### [DIRECTIONS FOR THIS TASK]
Would you repeat the listing below exactly, with no pictures in it?

"""

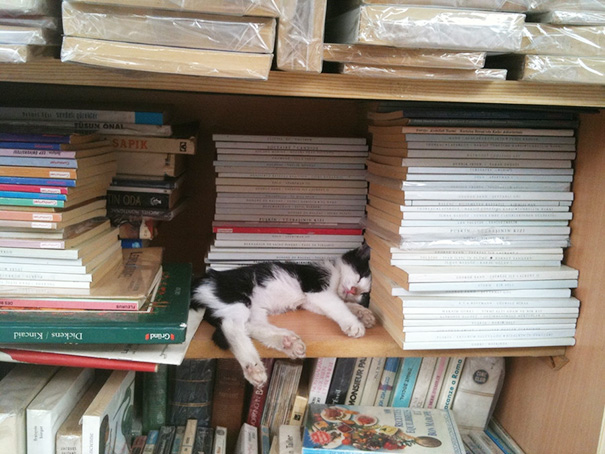 Adorables gatitos durmiendo (12)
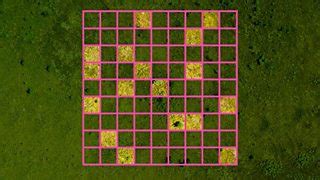 Image result for Sampling Using Quadrats BBC Bitesize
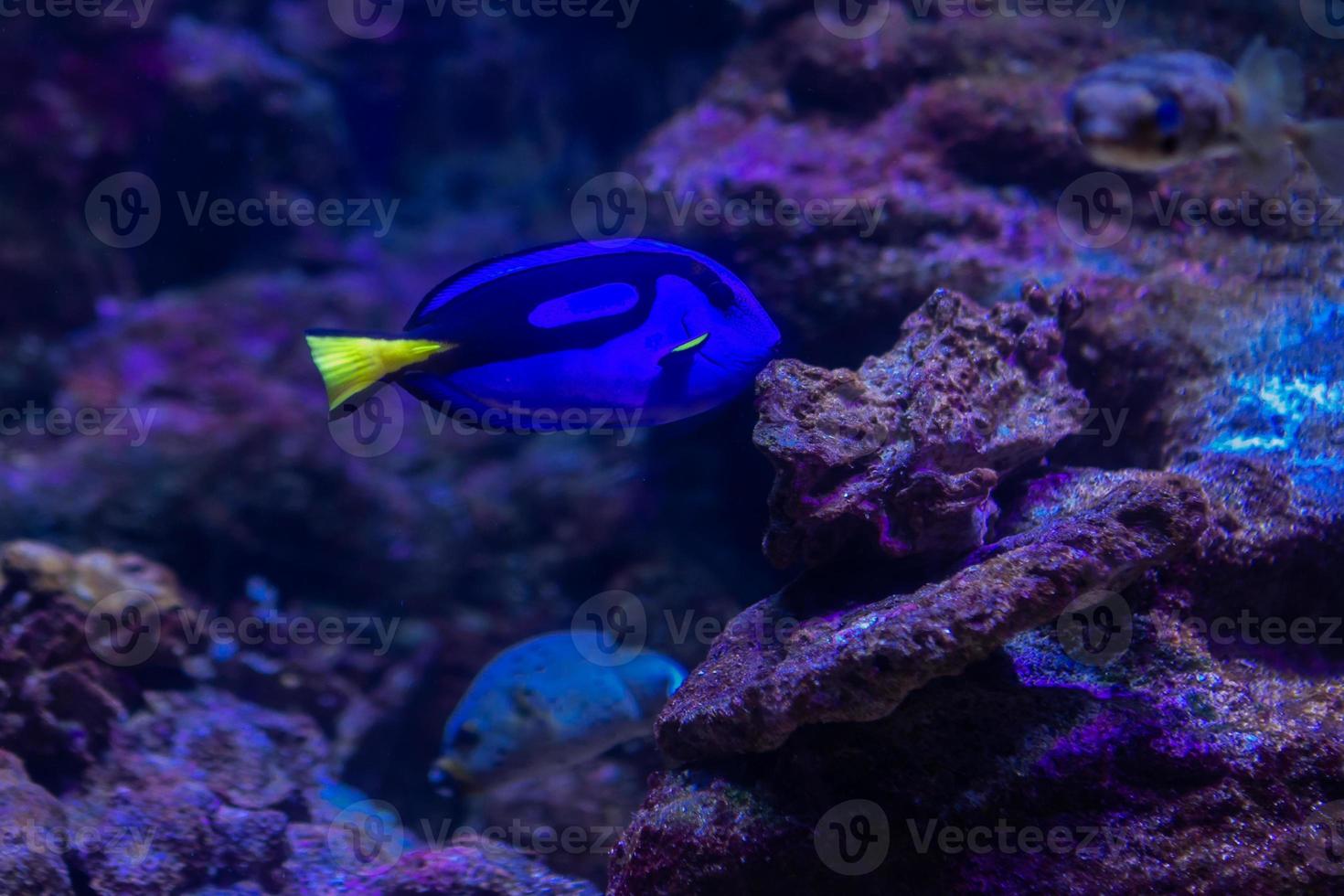 verschiedene tropische fische unter wasser foto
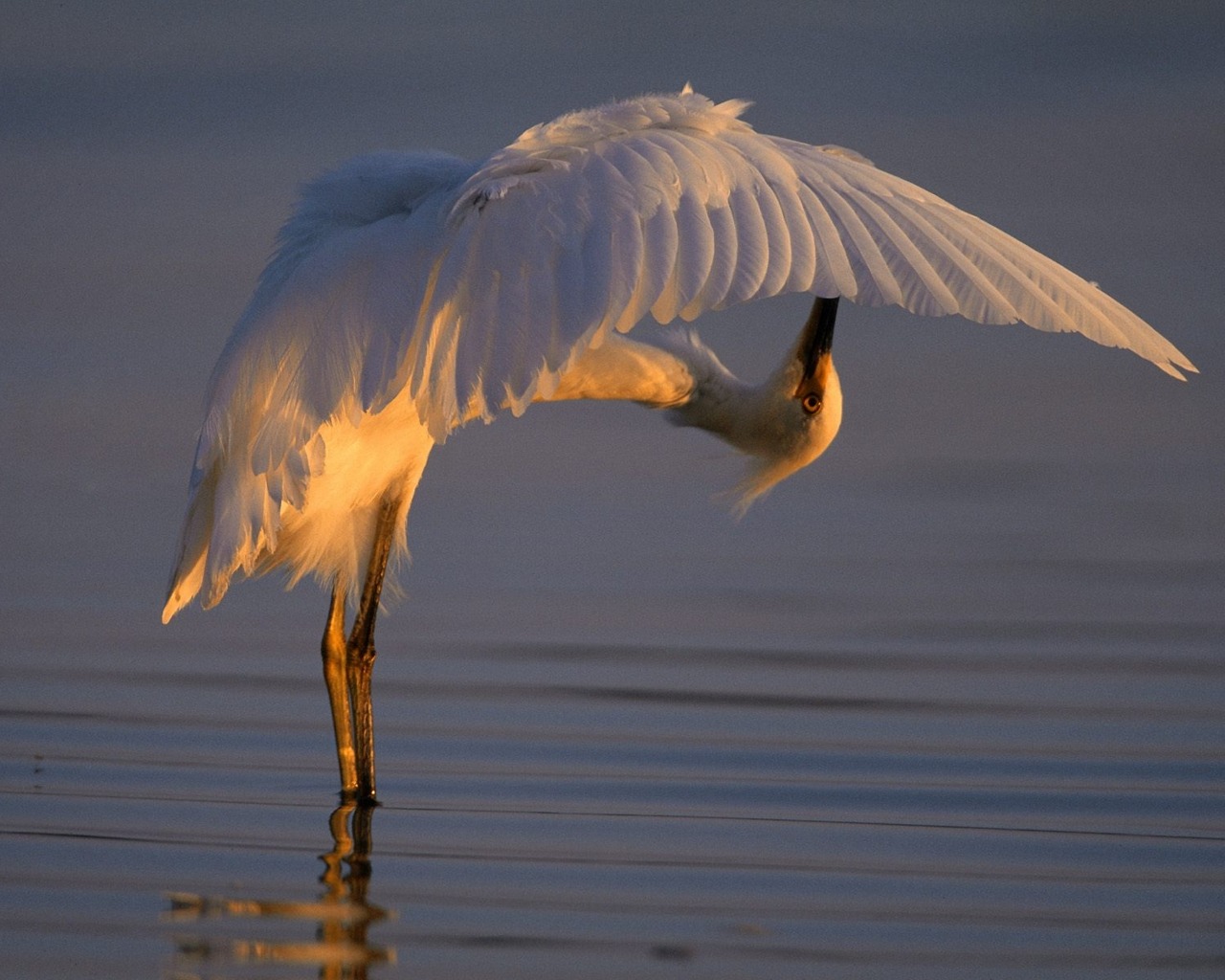 Free download wallpaper Bird, Animal on your PC desktop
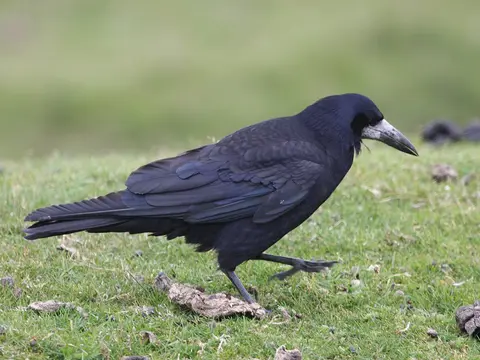 Rook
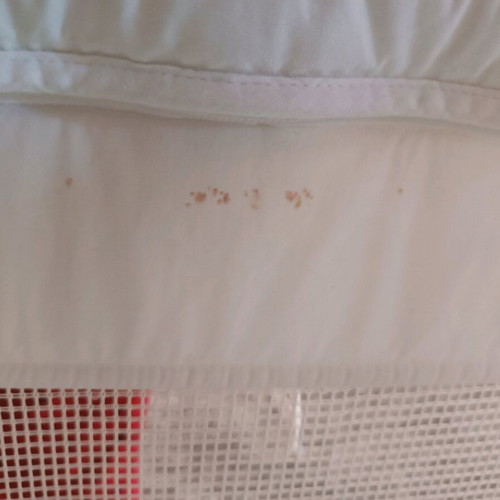 Vintage wooden baby cot with used Greco Strom mattress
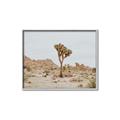 Picture of Dessert Tree _GroupedProduct_Rectangle_Landscape_Photography _GroupedProduct_Rectangle_Landscape_Canvas_Framed_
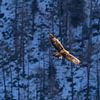 Steinadler vor schneebedeckten Bäumen von Sam Mannaerts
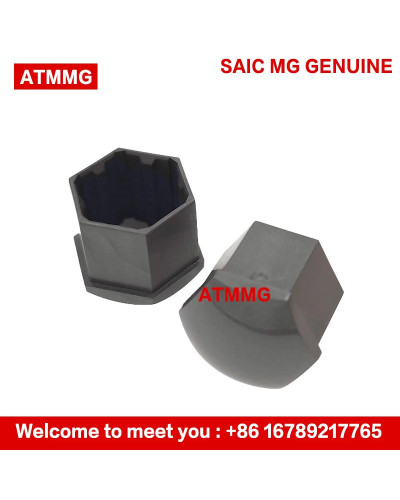 ATMMG Original For SAIC MG ZS MG5 MG6 HS EHS RX5 EI5 EI6 Tire Screw Ca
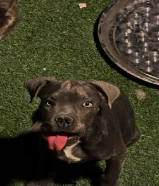 كلب كين كورسو للبيع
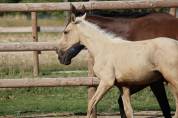 M&acirc;le Zangersheide palomino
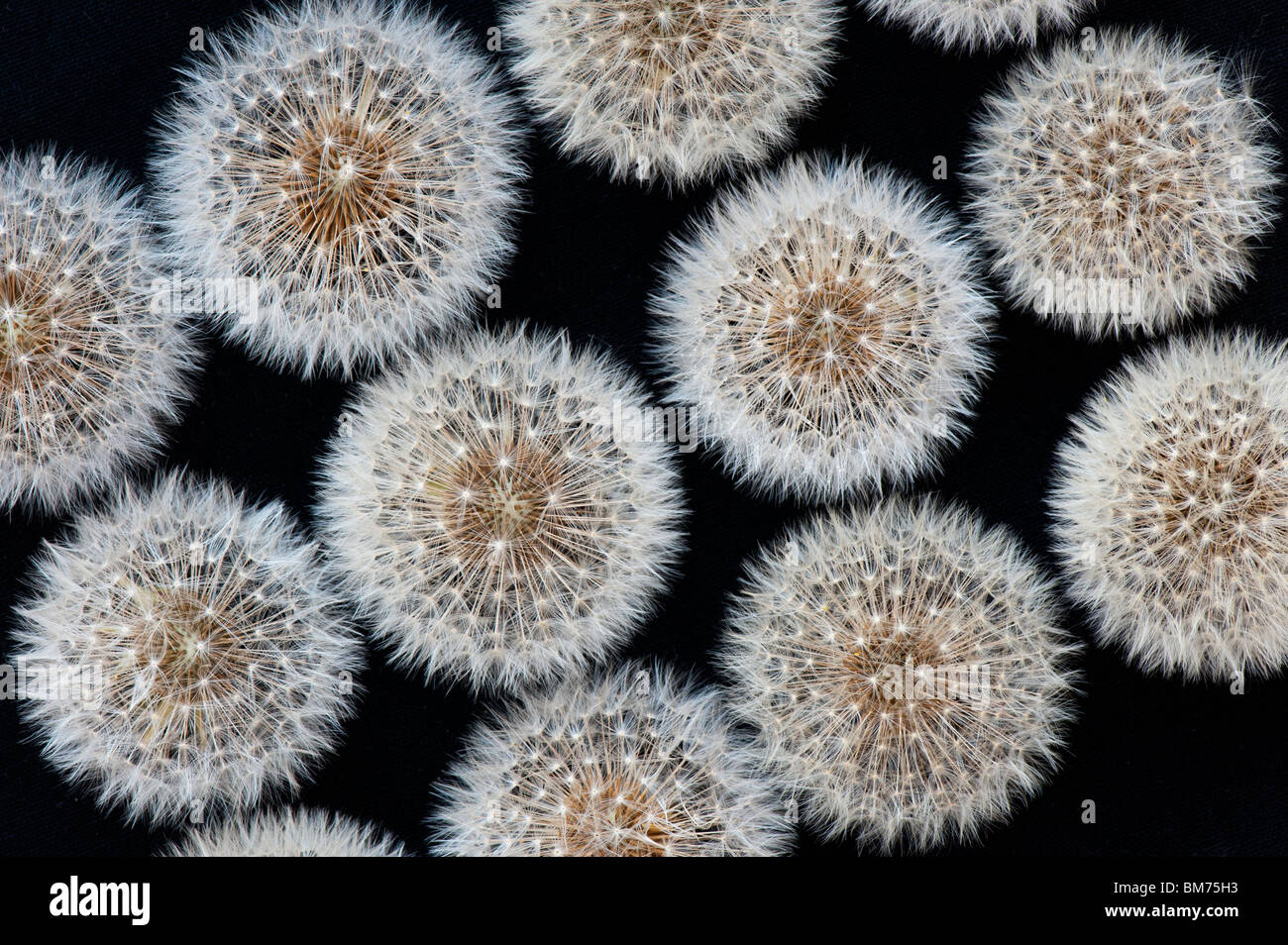 Dandelion seed heads pattern on a black background Stock Photo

"""

### [REPLY]
 Adorables gatitos durmiendo (12)
 Image result for Sampling Using Quadrats BBC Bitesize
 verschiedene tropische fische unter wasser foto
 Free download wallpaper Bird, Animal on your PC desktop
 Rook
 Vintage wooden baby cot with used Greco Strom mattress
 Picture of Dessert Tree _GroupedProduct_Rectangle_Landscape_Photography _GroupedProduct_Rectangle_Landscape_Canvas_Framed_
 Steinadler vor schneebedeckten Bäumen von Sam Mannaerts
 ATMMG Original For SAIC MG ZS MG5 MG6 HS EHS RX5 EI5 EI6 Tire Screw Ca
 كلب كين كورسو للبيع
 M&acirc;le Zangersheide palomino
 Dandelion seed heads pattern on a black background Stock Photo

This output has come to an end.